Today there are many more options available that are much less intimidating. In the area of replugging, one such system has only recently been introduced. It still performs all three functions of the original machine described above: identification of bad cells, blowout and transplanting. However, the process is much simpler. The first station consists of a camera chamber to identify bad cells and communicate this information to the next station. Because of investments in product development, this station is both more efficient and less expensive than the original.

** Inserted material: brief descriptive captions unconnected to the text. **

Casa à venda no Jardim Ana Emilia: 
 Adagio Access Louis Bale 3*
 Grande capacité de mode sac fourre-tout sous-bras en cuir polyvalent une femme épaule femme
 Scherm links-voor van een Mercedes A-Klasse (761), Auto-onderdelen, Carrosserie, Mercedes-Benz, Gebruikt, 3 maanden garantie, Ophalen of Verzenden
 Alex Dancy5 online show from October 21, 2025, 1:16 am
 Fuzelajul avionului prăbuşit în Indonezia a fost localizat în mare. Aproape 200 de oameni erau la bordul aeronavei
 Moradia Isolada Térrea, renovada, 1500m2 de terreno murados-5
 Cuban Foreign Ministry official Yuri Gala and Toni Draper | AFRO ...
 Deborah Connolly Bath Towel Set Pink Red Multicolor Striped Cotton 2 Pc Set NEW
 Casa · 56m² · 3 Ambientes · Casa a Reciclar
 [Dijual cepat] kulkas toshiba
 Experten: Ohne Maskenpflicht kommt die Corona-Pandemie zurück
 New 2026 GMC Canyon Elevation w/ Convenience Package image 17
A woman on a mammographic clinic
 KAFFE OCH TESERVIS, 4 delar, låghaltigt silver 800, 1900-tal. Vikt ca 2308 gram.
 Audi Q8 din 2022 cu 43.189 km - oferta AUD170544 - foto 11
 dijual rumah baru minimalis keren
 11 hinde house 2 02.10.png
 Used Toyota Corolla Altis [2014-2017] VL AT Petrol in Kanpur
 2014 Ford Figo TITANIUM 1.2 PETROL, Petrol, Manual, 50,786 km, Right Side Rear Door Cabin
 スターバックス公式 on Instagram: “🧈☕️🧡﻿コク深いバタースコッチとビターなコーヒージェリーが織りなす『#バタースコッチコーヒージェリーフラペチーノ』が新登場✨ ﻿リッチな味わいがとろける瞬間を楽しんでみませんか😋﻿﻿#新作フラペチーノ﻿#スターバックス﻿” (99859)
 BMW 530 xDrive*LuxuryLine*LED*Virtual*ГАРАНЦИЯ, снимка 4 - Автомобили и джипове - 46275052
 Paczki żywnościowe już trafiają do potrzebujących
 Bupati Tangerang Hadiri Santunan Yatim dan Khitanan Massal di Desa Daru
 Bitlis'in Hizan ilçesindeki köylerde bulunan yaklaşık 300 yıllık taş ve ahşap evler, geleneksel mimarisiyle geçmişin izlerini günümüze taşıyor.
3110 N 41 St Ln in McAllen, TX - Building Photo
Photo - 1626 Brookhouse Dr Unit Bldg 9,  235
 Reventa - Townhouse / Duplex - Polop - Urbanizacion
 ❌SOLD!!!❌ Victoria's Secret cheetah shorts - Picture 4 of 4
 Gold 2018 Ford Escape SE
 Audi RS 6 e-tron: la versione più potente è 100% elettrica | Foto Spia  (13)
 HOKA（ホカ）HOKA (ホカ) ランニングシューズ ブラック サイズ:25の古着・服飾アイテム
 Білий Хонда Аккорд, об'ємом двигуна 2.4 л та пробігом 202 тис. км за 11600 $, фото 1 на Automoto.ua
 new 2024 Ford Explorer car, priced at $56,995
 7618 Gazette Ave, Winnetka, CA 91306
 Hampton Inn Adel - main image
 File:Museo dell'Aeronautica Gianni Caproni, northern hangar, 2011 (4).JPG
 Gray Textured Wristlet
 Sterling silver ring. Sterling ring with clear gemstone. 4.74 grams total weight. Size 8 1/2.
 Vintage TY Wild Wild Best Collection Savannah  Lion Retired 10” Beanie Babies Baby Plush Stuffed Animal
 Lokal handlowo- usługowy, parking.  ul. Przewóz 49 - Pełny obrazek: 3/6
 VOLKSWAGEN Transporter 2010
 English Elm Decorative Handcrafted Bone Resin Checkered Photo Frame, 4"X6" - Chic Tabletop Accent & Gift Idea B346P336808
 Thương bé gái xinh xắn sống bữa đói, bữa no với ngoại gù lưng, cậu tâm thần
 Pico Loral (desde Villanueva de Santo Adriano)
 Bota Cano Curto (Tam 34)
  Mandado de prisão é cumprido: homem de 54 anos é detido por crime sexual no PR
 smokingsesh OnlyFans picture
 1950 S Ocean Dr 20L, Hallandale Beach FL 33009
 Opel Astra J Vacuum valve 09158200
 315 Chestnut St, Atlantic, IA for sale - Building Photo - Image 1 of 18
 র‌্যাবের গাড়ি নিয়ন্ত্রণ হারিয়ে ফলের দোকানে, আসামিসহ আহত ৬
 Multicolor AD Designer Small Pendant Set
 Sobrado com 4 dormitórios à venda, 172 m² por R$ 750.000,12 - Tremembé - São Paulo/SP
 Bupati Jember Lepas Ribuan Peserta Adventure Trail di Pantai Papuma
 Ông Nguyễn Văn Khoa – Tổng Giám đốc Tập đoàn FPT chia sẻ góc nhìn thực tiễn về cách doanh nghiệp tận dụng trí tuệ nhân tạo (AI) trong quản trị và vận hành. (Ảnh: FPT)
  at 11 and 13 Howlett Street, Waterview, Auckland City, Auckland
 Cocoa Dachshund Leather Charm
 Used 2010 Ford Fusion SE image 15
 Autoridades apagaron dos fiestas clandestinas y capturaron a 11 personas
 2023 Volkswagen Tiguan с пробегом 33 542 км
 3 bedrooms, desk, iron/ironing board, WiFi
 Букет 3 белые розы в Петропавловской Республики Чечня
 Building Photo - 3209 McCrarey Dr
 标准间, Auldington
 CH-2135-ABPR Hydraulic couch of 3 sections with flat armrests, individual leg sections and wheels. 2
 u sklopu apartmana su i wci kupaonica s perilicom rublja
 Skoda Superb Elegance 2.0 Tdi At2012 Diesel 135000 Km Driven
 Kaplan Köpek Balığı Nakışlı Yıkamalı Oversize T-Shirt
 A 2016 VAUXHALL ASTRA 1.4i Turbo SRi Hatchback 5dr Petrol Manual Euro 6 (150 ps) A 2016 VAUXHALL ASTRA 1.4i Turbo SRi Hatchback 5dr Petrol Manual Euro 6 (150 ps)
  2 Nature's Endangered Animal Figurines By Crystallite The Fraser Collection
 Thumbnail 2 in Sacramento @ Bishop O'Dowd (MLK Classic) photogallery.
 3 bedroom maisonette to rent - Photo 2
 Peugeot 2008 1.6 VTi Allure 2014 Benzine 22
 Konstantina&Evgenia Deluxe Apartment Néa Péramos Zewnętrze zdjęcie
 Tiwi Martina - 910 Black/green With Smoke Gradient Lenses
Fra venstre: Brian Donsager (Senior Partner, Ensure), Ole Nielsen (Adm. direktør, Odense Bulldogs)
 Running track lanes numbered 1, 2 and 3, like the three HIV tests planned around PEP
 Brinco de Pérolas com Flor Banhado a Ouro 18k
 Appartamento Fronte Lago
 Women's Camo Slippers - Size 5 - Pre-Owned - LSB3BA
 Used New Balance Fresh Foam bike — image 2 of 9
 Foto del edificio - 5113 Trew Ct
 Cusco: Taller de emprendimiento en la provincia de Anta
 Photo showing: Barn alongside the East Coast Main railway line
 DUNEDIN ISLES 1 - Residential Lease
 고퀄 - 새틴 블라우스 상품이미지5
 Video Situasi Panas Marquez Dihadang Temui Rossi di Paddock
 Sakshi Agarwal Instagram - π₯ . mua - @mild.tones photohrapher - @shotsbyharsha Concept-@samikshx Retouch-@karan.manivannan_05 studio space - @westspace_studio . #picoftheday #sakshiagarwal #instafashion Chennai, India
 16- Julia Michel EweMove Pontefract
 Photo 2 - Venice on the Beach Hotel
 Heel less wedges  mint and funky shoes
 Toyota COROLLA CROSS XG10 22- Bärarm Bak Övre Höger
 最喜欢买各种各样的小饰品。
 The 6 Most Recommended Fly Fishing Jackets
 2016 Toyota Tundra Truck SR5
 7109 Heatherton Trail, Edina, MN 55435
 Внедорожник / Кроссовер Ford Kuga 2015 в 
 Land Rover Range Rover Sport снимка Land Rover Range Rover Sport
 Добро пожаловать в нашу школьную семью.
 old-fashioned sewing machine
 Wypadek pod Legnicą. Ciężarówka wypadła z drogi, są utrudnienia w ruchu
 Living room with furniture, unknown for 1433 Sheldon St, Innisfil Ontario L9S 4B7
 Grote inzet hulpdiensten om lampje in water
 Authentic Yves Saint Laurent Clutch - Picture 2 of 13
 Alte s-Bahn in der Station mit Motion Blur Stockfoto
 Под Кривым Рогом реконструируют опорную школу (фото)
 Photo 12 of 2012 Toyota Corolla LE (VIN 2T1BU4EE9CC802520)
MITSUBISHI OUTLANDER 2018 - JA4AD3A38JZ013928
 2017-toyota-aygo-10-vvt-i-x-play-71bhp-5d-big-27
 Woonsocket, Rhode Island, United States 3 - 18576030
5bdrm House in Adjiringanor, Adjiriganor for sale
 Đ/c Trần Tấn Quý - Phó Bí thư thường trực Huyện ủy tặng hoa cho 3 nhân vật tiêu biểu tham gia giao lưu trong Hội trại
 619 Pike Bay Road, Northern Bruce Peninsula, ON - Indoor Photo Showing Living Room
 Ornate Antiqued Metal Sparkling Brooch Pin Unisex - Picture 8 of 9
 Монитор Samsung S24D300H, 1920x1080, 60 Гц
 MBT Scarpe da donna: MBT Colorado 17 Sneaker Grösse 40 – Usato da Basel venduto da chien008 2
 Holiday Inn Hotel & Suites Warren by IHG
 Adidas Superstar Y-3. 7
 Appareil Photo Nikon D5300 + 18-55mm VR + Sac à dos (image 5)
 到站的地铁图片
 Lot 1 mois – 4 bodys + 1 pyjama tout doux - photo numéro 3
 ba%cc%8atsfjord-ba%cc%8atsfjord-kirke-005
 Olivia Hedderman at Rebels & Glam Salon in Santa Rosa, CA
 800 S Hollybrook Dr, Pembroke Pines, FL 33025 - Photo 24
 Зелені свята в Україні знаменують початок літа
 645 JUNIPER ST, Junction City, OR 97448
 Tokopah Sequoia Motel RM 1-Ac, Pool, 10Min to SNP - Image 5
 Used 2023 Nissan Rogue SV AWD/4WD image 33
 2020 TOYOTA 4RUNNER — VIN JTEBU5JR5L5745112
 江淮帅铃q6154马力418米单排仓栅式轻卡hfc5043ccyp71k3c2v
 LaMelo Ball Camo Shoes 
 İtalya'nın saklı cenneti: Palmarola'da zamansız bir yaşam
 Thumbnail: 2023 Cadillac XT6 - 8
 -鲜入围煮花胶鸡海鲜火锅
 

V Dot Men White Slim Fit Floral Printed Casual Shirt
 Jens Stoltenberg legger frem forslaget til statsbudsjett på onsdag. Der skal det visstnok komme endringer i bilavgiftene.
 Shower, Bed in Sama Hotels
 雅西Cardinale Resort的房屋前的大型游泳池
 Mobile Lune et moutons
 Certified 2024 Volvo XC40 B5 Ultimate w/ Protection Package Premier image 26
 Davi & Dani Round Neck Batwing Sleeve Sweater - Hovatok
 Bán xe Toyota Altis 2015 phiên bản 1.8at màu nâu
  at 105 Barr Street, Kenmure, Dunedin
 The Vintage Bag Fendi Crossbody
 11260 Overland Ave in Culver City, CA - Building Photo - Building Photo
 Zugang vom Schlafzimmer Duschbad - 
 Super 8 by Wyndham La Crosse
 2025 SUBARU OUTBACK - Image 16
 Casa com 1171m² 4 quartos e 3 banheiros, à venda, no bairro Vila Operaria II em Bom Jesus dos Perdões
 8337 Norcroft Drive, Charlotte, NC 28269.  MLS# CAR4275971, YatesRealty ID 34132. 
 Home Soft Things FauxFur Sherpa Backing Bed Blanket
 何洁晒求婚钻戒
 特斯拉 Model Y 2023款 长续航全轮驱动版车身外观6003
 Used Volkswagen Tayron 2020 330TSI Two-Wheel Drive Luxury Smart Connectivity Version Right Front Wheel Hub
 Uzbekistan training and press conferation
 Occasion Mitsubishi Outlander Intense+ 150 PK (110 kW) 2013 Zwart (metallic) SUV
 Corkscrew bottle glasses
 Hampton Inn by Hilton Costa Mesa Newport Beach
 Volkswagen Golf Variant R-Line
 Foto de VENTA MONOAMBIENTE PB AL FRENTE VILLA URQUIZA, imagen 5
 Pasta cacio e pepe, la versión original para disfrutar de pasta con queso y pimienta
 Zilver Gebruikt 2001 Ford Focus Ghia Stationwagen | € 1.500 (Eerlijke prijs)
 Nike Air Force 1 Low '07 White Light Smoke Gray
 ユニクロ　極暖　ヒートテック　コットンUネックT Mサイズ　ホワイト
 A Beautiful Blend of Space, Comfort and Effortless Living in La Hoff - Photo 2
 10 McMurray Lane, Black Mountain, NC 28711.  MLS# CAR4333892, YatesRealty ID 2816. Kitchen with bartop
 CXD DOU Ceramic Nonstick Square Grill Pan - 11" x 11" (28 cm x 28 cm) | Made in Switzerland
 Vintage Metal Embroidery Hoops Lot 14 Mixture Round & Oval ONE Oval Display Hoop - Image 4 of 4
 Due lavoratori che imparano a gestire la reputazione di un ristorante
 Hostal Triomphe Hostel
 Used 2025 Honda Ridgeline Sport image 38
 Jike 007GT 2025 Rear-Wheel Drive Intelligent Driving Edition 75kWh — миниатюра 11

Both the bad cell removal and transplanting are done in a single station rather than in two separate stations. The bad cell removal process is much simpler and could be described as untransplanting. It uses transplanter technology and a special gripper to remove the soil from the bad cells. A second, traditional, gripper will then place a good plug from a source tray in the empty cell. The entire process is integrated, has a capacity of 3,000 plugs per hour and costs approximately $100,000. Additionally, it works well with a large variety of plug trays. The result is a machine that costs less than half of the original, has the same capacity, can be operated and maintained by less-skilled personnel, and can probably use existing trays.
Another option is to manually perform the identification and blowout function through suctioning. The second section of the above machine, the transplanter, can then be equipped with a laser device that will identify empty cells from the manual blowout and will direct the transplanter to fill the empty cells with good plugs. The sophisticated camera is no longer required, making the device even more accessible. Capacity remains at approximately 3,000 plugs per hour, but the cost is approximately $60,000. This indeed represents accessible automation.
As technology improves and prices decrease, automation has never been more accessible to growers of all sizes.